**How to complete this task**
Among the lines below, how many carry the string "Used"? Reply with a number and nothing else.

**Excerpted data**
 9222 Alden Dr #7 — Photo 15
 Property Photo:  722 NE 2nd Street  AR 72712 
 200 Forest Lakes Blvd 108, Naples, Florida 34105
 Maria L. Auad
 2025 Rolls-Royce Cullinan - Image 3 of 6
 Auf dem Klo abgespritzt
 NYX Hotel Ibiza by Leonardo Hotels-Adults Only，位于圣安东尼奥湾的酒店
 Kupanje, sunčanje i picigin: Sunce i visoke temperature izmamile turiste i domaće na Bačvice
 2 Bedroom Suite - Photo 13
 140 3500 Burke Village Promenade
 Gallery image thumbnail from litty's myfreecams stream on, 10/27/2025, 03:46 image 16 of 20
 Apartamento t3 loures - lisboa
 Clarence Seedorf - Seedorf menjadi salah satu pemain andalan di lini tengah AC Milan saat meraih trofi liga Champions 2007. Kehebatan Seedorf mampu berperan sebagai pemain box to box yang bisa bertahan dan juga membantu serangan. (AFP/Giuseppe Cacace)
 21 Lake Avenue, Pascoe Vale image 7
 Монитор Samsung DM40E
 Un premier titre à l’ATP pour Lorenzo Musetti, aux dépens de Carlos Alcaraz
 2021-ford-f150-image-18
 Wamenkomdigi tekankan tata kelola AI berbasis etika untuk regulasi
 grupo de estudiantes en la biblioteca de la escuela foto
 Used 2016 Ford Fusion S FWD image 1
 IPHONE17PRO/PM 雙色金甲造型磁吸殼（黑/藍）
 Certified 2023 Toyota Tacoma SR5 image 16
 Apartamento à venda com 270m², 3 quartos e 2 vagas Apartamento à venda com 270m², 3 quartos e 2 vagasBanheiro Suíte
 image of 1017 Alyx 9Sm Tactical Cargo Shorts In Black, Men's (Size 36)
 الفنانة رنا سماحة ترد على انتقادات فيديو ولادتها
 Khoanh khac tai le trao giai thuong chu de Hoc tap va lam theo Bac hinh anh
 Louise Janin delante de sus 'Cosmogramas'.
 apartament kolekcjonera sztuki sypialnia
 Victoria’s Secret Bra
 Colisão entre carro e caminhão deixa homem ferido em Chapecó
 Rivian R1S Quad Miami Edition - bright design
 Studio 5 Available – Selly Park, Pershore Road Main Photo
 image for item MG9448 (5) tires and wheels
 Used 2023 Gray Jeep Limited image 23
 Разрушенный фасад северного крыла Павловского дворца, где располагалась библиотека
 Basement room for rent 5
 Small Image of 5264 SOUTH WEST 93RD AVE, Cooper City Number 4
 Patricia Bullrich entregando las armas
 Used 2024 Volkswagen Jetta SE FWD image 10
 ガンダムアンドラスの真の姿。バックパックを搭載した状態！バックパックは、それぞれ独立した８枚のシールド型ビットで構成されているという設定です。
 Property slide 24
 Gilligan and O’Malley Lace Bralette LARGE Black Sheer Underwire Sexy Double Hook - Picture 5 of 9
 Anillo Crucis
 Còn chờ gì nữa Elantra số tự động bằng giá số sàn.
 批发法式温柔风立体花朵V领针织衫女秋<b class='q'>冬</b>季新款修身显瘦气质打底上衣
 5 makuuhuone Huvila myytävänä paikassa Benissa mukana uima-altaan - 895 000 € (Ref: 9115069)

**Answer to this task**
3